The character that beat the shit out of me

Consider the use of profanity quotative here. To take it directly from the definition in the ABC Dictionary:

cèi v. <coll.> (1) smash to pieces (2) attack; beat the shit out of

Emphasis mine. Maybe it’s only fair that the ABC doesn’t mince words — the description seems rather appropriate for this morning’s character venture.

All I wanted to do was to write the everyday word cèi, meaning to smash/shatter. The process of finding the appropriate hanzi is usually simple enough:

  1. Look up the pinyin in the open-sourcish CE Dict (which, while not always reliable, has lots of stuff and is conveniently available through MDBG‘s interface)
  2. If that fails, get up and find cell phone and type it into the incomparable Pleco, where I’ve got at least four dictionaries at my disposal.
  3. I almost never have to consider a step 3 at this stage in my hanzi (il)literacy, since I find almost everything I want. But see below for details.

Not today. Step 1 gave me this:

mdbg_cei

Neither daunting nor even surprising. The CE Dict often fails to find words you’d think it would have. So on to step 2, where at first everything appeared to follow protocol. As you can see in the cèi definition at the top, ABC did indeed provide a character for the right definition of cèi. Great, home free. The final step is just to type it into my computer, as I’d originally intended, and be off with it.

But hang on, not so fast — consider snafu 1: no such character under “cei” in Google’s IME…

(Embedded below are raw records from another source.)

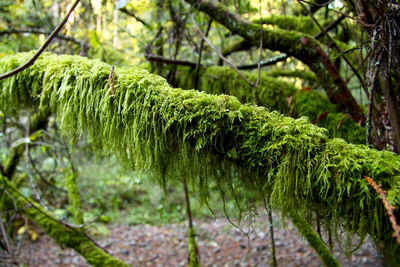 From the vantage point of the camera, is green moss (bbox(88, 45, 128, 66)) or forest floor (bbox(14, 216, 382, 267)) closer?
green moss (bbox(88, 45, 128, 66))

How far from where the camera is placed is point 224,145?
133 cm

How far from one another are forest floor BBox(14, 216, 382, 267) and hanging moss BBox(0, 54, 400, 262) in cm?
349

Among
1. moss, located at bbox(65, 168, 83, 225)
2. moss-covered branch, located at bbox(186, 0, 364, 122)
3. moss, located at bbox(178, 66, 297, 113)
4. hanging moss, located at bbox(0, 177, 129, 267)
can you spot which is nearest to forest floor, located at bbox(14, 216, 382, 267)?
moss, located at bbox(65, 168, 83, 225)

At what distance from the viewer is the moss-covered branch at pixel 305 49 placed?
2.34 m

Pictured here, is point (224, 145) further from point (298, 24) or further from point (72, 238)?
point (298, 24)

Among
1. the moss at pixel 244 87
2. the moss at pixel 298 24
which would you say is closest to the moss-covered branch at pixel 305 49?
the moss at pixel 244 87

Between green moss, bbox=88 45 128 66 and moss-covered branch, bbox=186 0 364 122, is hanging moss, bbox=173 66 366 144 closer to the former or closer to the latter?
moss-covered branch, bbox=186 0 364 122

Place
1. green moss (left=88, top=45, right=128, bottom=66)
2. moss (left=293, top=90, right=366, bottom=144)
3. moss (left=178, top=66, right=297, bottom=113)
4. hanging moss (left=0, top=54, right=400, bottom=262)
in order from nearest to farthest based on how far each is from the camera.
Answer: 1. hanging moss (left=0, top=54, right=400, bottom=262)
2. moss (left=293, top=90, right=366, bottom=144)
3. moss (left=178, top=66, right=297, bottom=113)
4. green moss (left=88, top=45, right=128, bottom=66)

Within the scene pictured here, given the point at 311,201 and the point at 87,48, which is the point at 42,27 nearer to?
the point at 87,48

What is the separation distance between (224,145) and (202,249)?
512 cm

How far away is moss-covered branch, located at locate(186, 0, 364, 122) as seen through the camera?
7.68 ft

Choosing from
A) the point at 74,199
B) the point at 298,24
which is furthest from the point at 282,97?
the point at 74,199

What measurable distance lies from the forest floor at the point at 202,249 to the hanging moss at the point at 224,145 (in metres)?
3.49

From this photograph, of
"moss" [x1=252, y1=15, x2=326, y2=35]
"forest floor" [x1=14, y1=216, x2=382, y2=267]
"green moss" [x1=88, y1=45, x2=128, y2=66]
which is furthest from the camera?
"forest floor" [x1=14, y1=216, x2=382, y2=267] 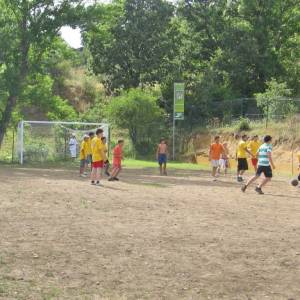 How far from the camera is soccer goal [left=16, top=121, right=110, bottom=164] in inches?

cei_in_goog_imeIn fact, you can see that it doesn’t even like the Pinyin initial+final combination of “c” + “ei”. It’s trying to split off “ce”, even though there’s no legal Pinyin that starts with the following “i”. To pile insult on, even my beloved Pinyin ime (that is, the IME I use for writing Pīnyīn with tone marks), Pinyinput, does not allow “cei”; instead it forces you to write cè and add “i” on the end after you’ve finalized the input.

But no worries. There’s always the ungainly-and-slow-with-a-mouse but effective character-drawing input system at NCIKU, right? It’s the secret step 3 in the sequence above — the last-resort way to get a mystery character onto the computer.

Et tu, NCIKU?

nciku_cei

You can see on the left the character that ABC had rendered for cèi. But it’s not in NCIKU that I can find, not even on screen two or three. Feel free to argue (not really much of an argument, actually) that the penmanship / mousemanship is lacking, but I tried it twice, to no avail. Maybe there’s a fántǐzì (繁体字 = traditional character) twist on this?

My last-last resort was to try copying the character out of the ABC on my cell phone, pasting it into Windows Mobile’s absurdly bad email client and emailing it to myself. I thought it sounded smart, but it’s apparently beyond my technology/unicode knowledge. I end up with

… which does nothing for me. What am I missing here?

———————————–

UPDATE: Randy reminded me I was utterly remiss in not checking with the 老北京 Beijing dialect book he gave me a year or so ago. Sure enough, it supports using the same version of cèi that ABC used:

beijinghuaentry


22 responses to “The character that beat the shit out of me”

  1. A quick pinyin search on nciku got “梡 [cèi]” with no English definition. However the corresponding Mandarin was “打碎”. (Alternatively zdic.net gives 梡 as kuǎn.)

    The  you posted is, at least on my end of things, at Unicode U+EECA which is reserved for private use, i.e. people who want funky stuff in their font like a company logo. In other words, it’s out of the CJK ranges.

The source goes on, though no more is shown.